In 2004 he moved to Deutsche Telekom Network and Projects (later T-Systems Business Services) where he developed in the knowledge management department together with Ontoprise a document retrieval system based on a semantic representation of products, technologies and documents. He was responsible for the development of the system and the modeling of the domain knowledge.
In 2008 he founded the company Ontonym with three partners from the Free University Berlin. Ontonym focuses on the modeling of background knowledge for semantic search and developed a state-of-the-art semantic search engine on top of Solr. Besides his position as CEO he was responsible for the modeling of ontologies for Ontoprise, Vivaki, T-Systems, Condat, Art&Com and Ontonym’s thesaurus about recruitment and continued education of about 11.400 concepts with about 17.360 terms – partially multilingual. This thesaurus is in use in the semantic search functions of ingenieurkarriere.de, its candidate database, in the wdb-suchportal.de (the search function of the Weiterbildungsdatenbank Berlin-Brandenburg) and myworkbook.de.

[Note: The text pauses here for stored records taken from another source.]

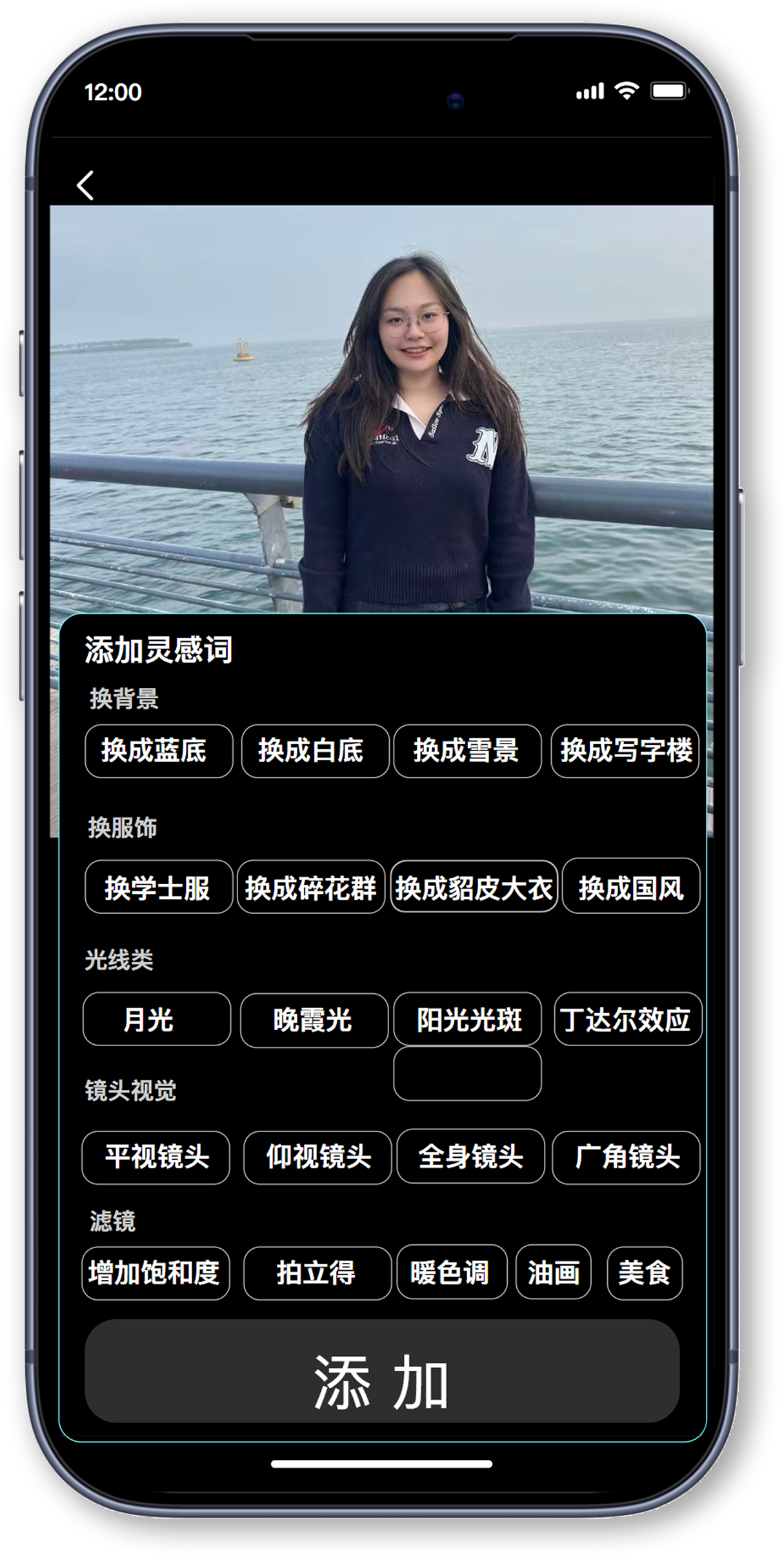 魔法修图增加描述
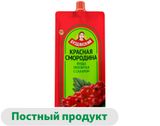 Изображение товара Смородина красная протертая «Буздякский» с сахаром, 280 г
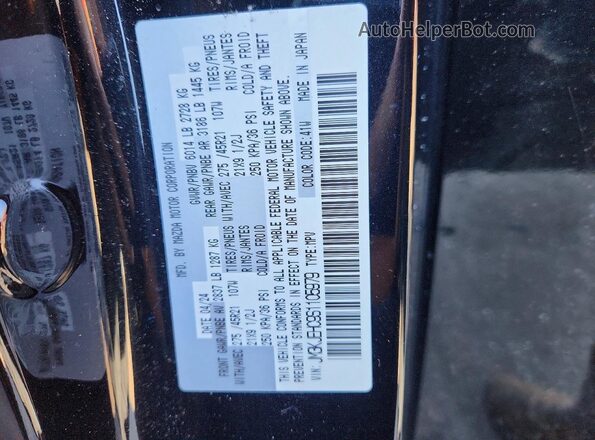 JM3KJEHC9S1105979 2025 MAZDA CX-70 Gray Vista del compartimento del motor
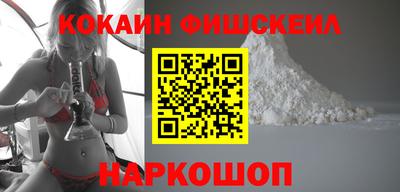тгк Белорецк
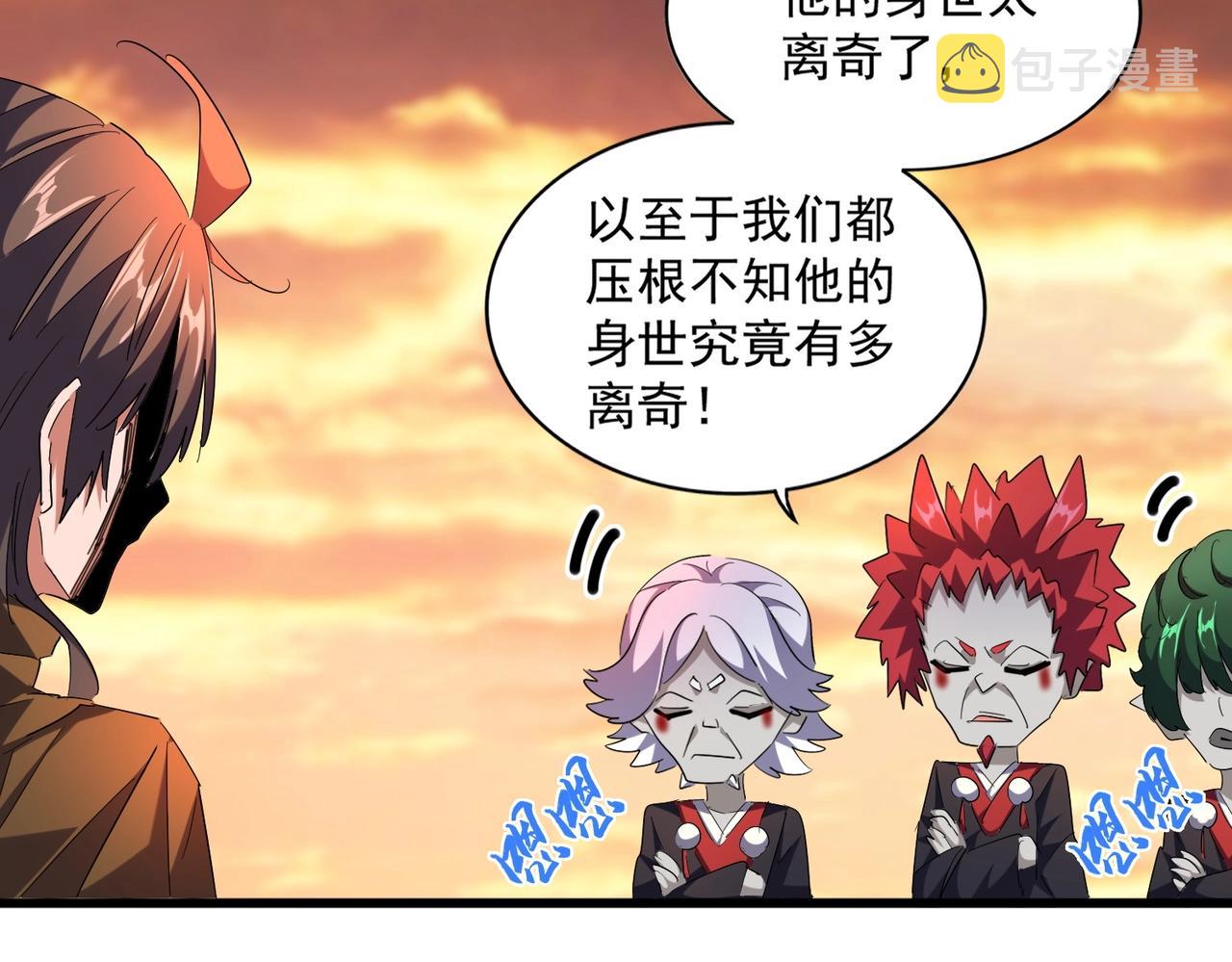第269话 皇室强者91
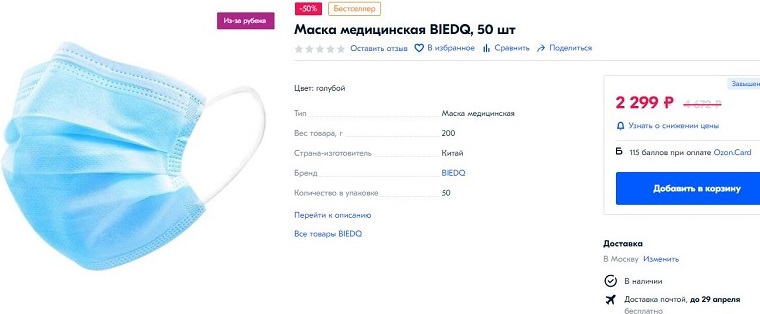 https://upforme.ru/uploads/0013/1f/fe/98/79554.jpg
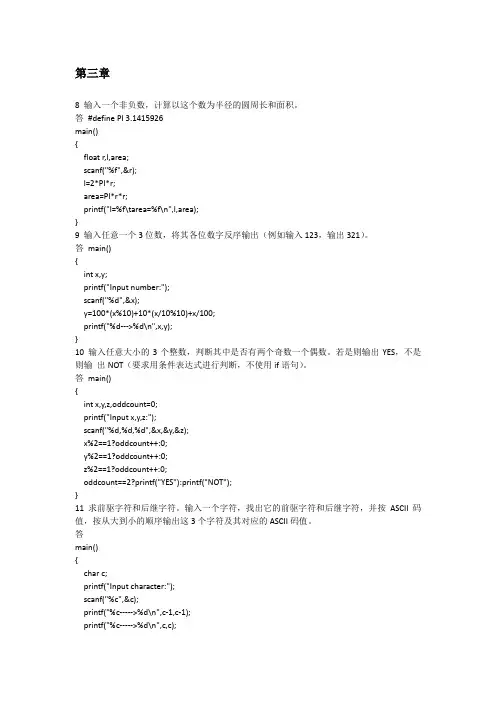 C语言程序设计课后各章节习题答案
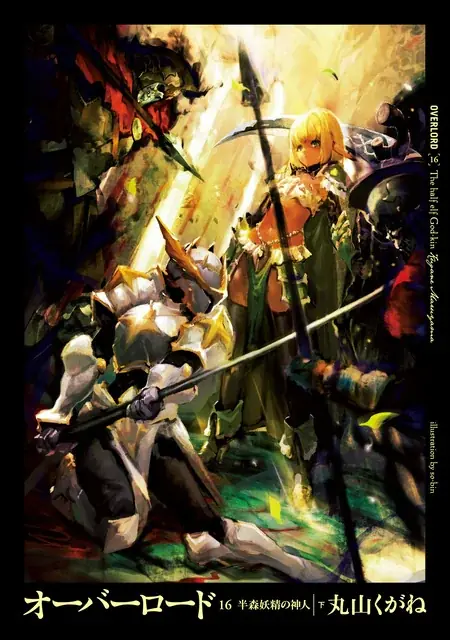 dアニメストアで異世界ノベル＆コミック全52作が最大50％OFF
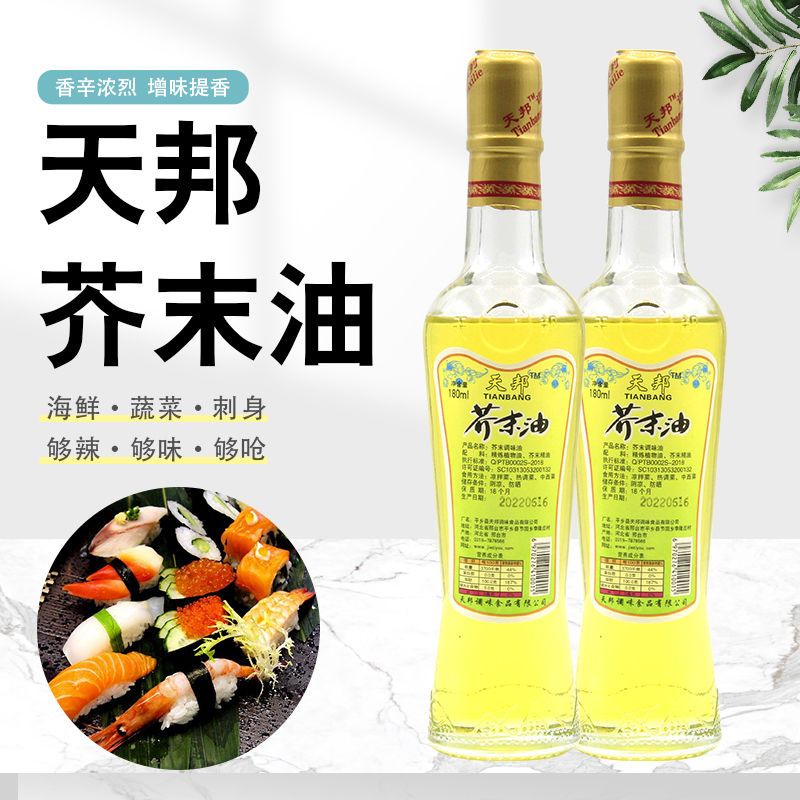 天邦芥末油老牌子寿司调味凉拌菜特呛海鲜商用调味油大容量家用
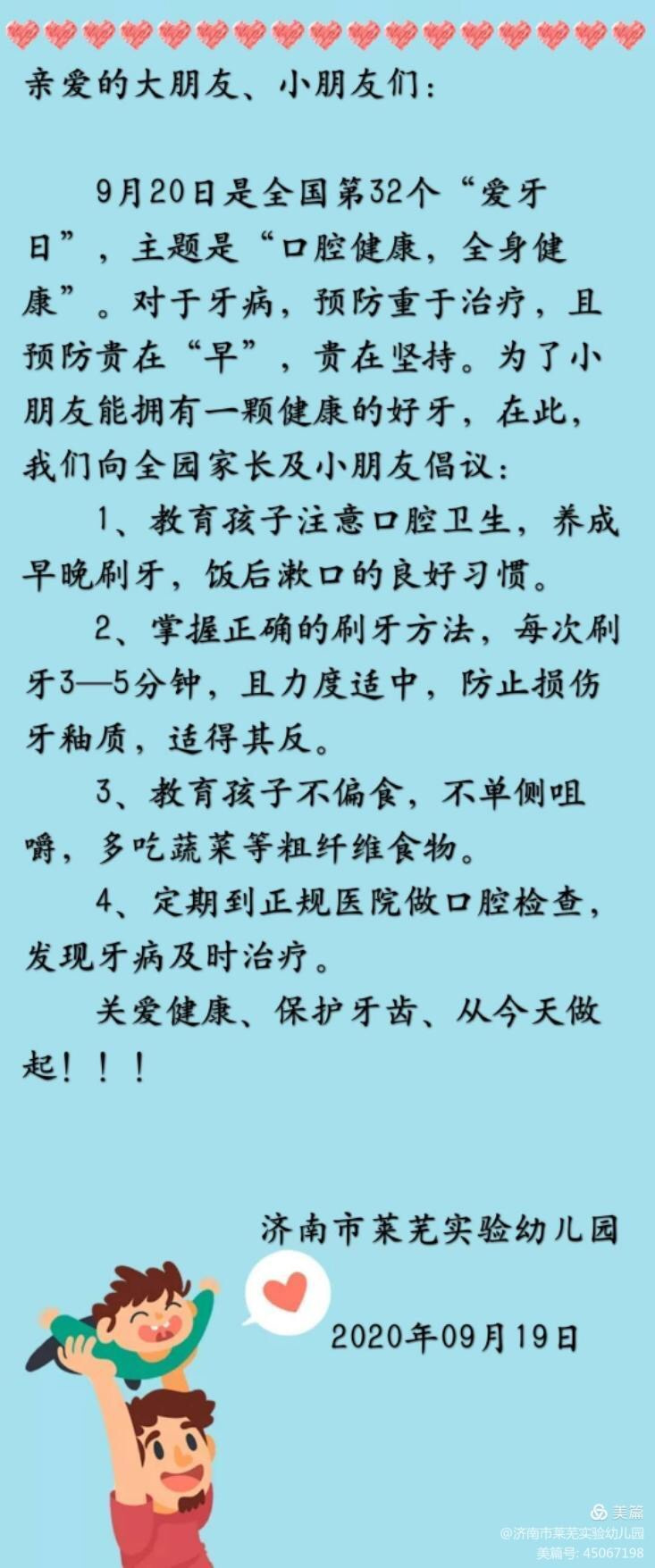 C:\Users\Administrator\Desktop\新建文件夹 (5)\IMG_5105(20200920-110058).JPG C:\Users\Administrator\Desktop\新建文件夹 (5)\IMG_5105(20200920-110058).JPG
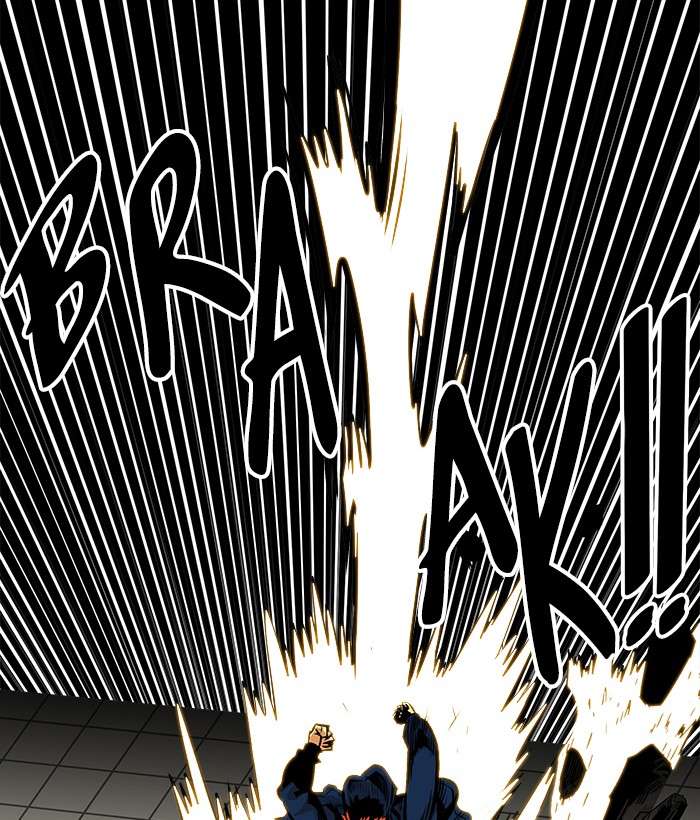 Troll Trap Chapter 79 - halaman 128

In 2014 he founded the Datenlabor Berlin, where he analysis data as data scientist and develops specialized customer-specific data analysis algorithms. As knowledge engineer he supports companies during knowledge acquisition, modeling and maintenance of domain knowledge.
He is co-author of the book “Corporate Semantic Web – Wie semantische Anwendungen in Unternehmen Nutzen stiften” which appear in I/2015 published by Springer.